Web page caption snippets:
((

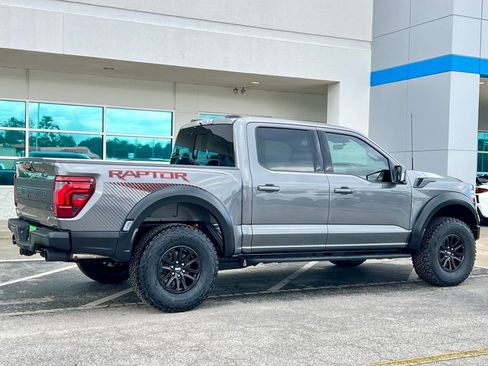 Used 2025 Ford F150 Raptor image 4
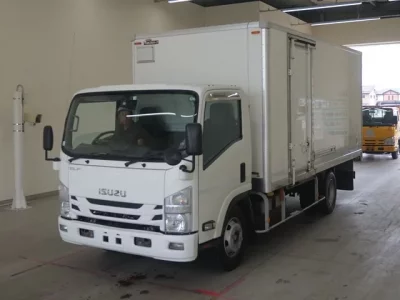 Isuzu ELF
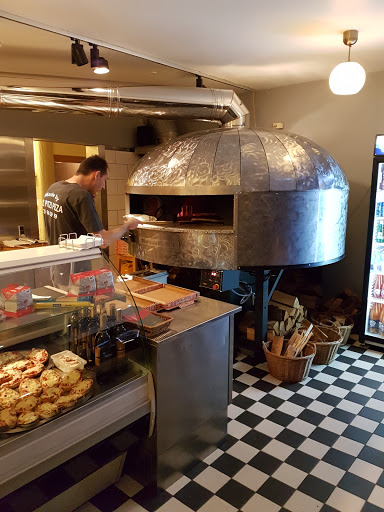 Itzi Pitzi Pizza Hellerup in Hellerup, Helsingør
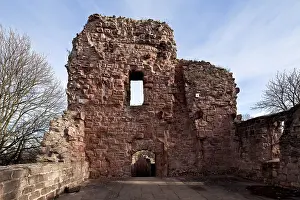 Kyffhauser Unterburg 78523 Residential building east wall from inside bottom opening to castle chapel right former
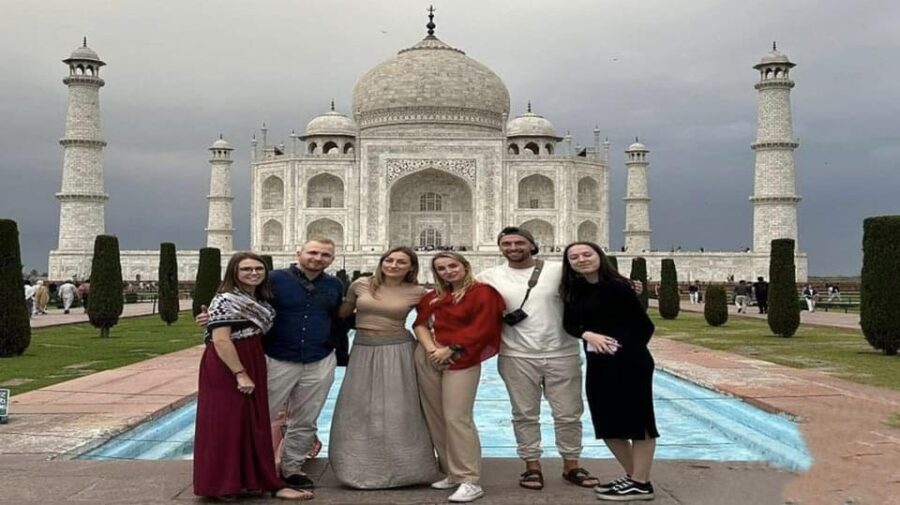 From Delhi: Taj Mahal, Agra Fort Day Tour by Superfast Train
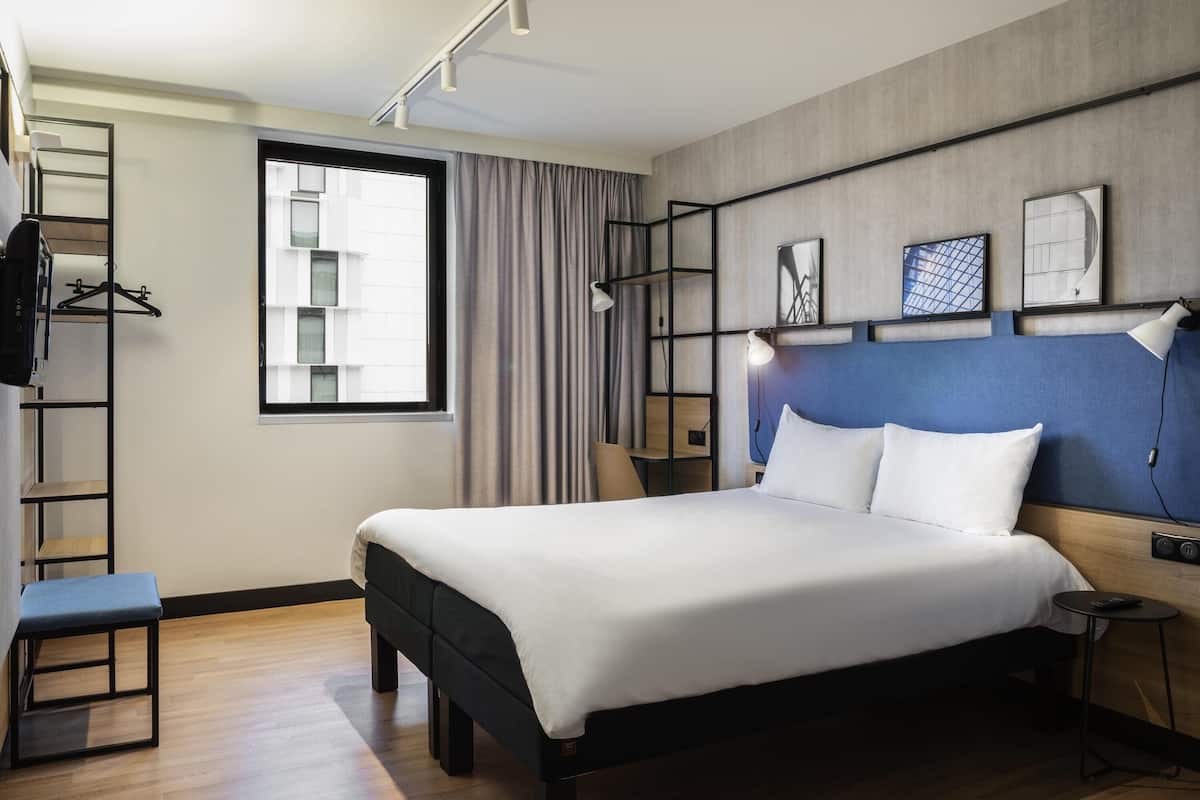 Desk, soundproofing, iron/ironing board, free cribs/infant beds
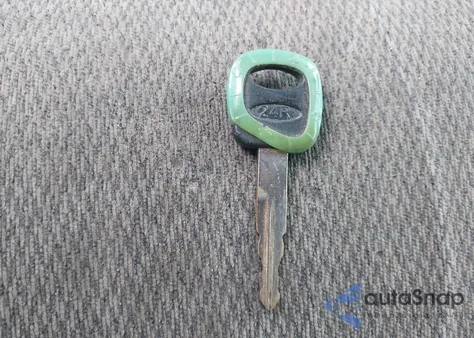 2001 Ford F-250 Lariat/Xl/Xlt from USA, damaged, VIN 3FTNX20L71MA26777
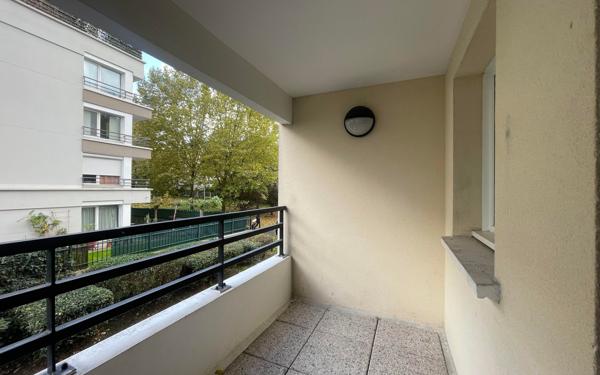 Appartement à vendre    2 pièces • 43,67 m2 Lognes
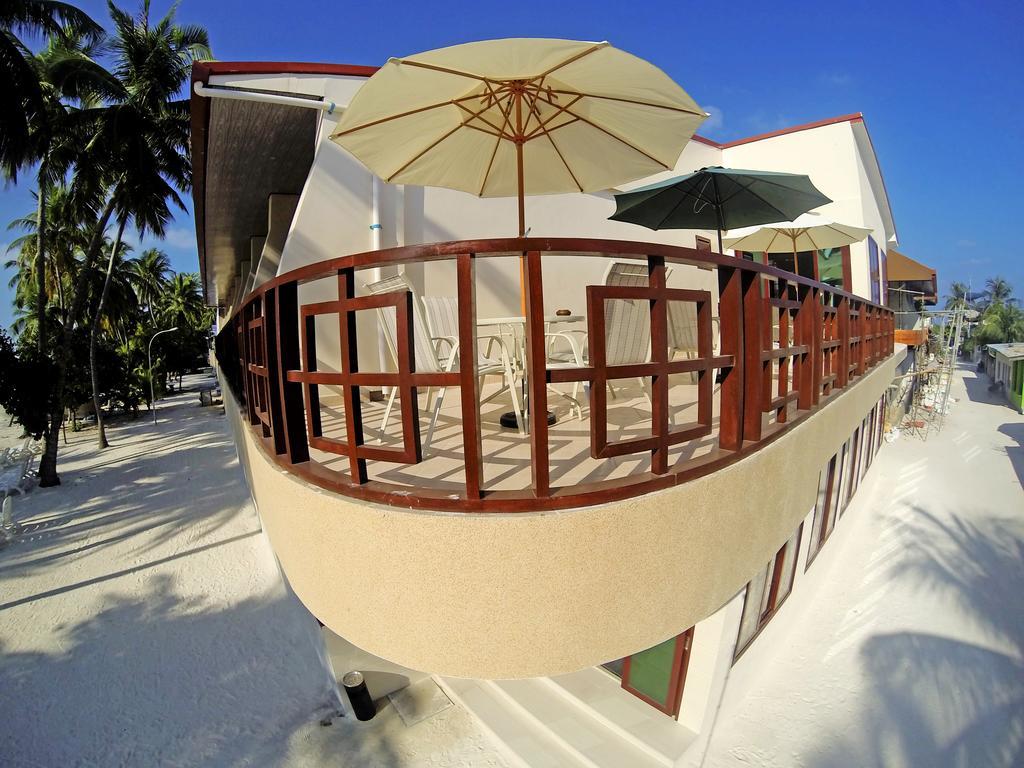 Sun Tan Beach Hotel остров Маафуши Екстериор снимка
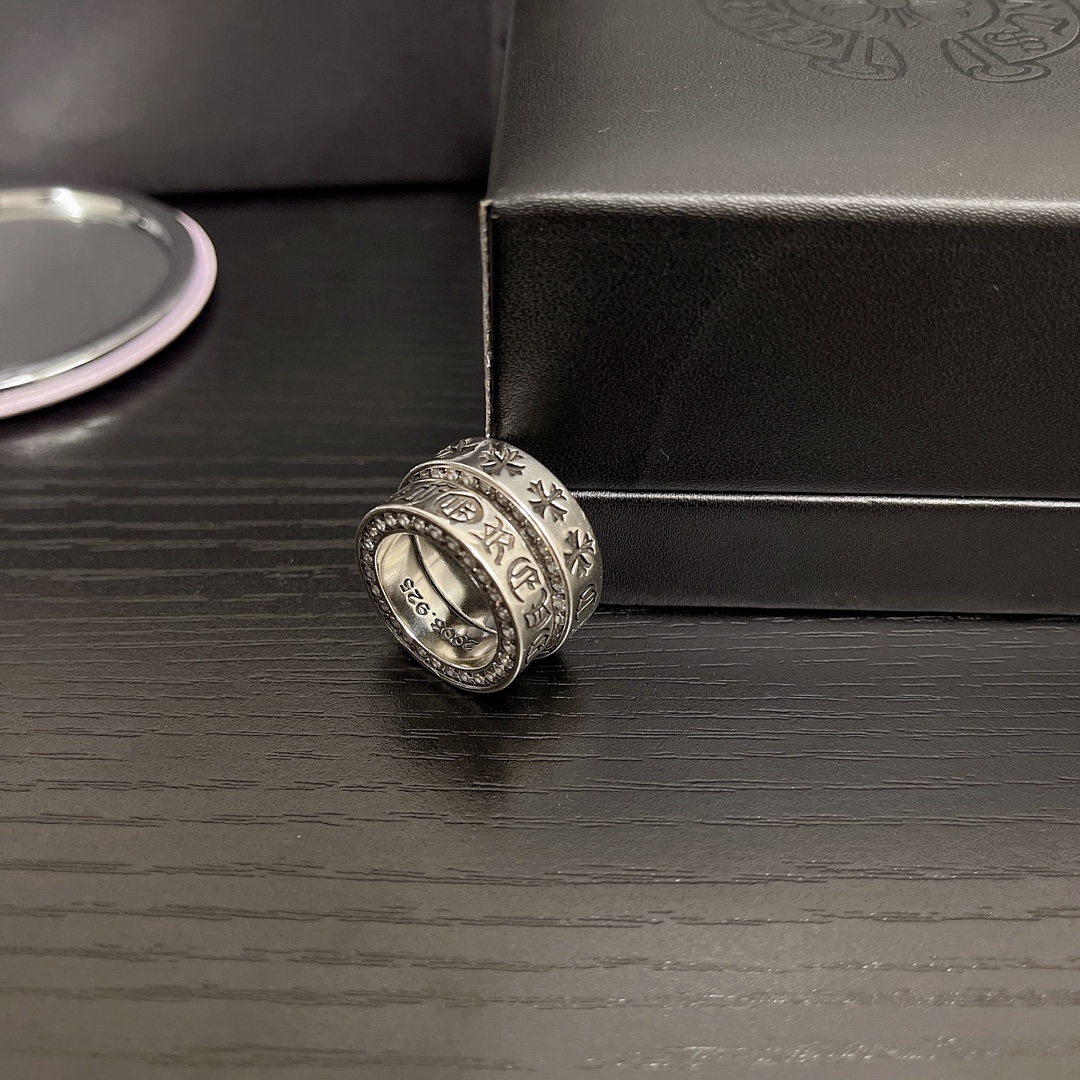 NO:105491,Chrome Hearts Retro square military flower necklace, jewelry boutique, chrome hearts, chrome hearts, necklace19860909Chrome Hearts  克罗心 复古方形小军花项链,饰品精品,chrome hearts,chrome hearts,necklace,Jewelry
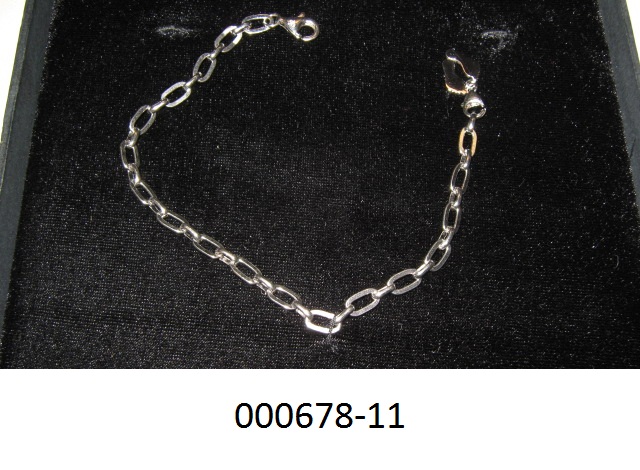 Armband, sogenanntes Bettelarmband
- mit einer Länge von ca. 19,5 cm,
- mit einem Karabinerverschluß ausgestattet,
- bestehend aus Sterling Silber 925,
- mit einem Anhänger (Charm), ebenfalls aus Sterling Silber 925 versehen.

))

▸ **Work item**:
What is needed is every line of the records above that contains the word "Silber".

▸ **Solution below**:
- bestehend aus Sterling Silber 925,
- mit einem Anhänger (Charm), ebenfalls aus Sterling Silber 925 versehen.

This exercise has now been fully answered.